Aggregation is an important part of data preparation, and this is achieved in different ways depending on the data prep software used. While in Tableau Prep this is achieved by adding an 'Aggregate' step to the flow, Power Query makes use of the 'Group By' function (under the Home tab).
The Group By function allows you to choose a field to aggregate by, and another field to get values from. For example, suppose we have a table of books for sale, with a field for the book format (e.g. hardcover) and a field for the book price. We can use aggregation to find out the average price for each format.
Using the Group By function, we can select the category we want to aggregate (Format), followed by the values we want to get for each aggregated category (in this case, the average of the Price field).
This gives us the desired output, shown below.
If we want to aggregate based on more fields, or to output more value columns, we can use the Advanced option of the Group By function.
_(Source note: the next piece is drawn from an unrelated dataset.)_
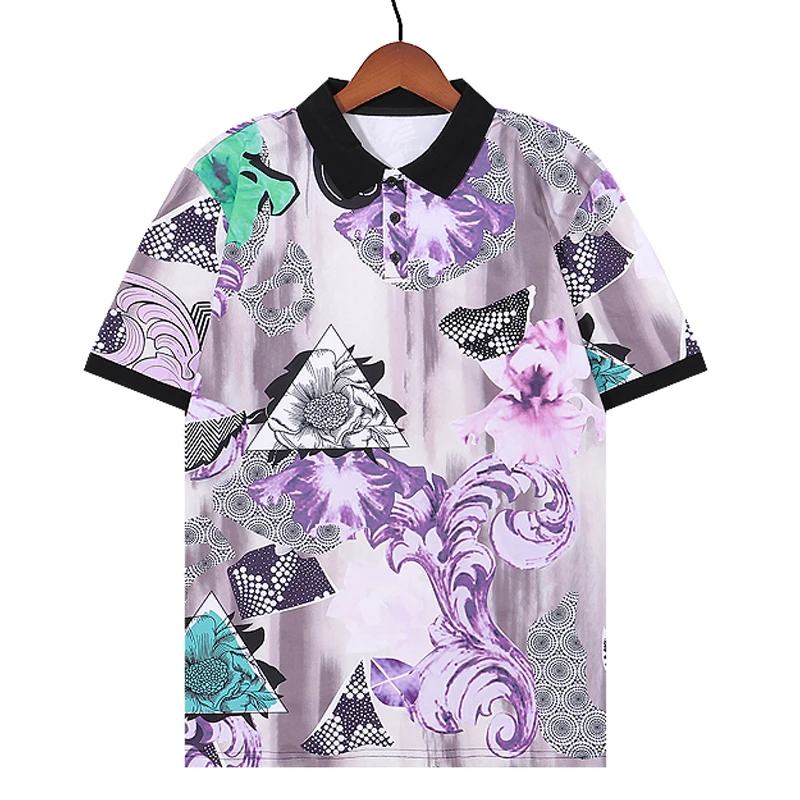 

Summer European New Tide Brand Fashion Men's Clothing Printed Polo Shirt Male Flower Pattern Lapel Short Sleeve Mannen Polo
While this can be done solely using the Power Query GUI, it can help to understand the syntax of the underlying M-language command. The command used for the example above is as follows:
Table.Group(#"Promoted Headers", {"Format"}, {{"Average Price", each List.Average([Price]), type nullable number}})
We can break this down into the following elements:
- Table.Group() - this is the name of the Group By function.
- #"Promoted Headers" - this refers to the previous applied step in the prep.
- {"Format"} - the first argument to the function names the field used to group the data by.
- {{"Average Price", each List.Average([Price]), type nullable number}} - the final argument contains three elements: first, the name of the new field; second, the function and column determining what data is aggregated and how; and third, the datatype of the new field.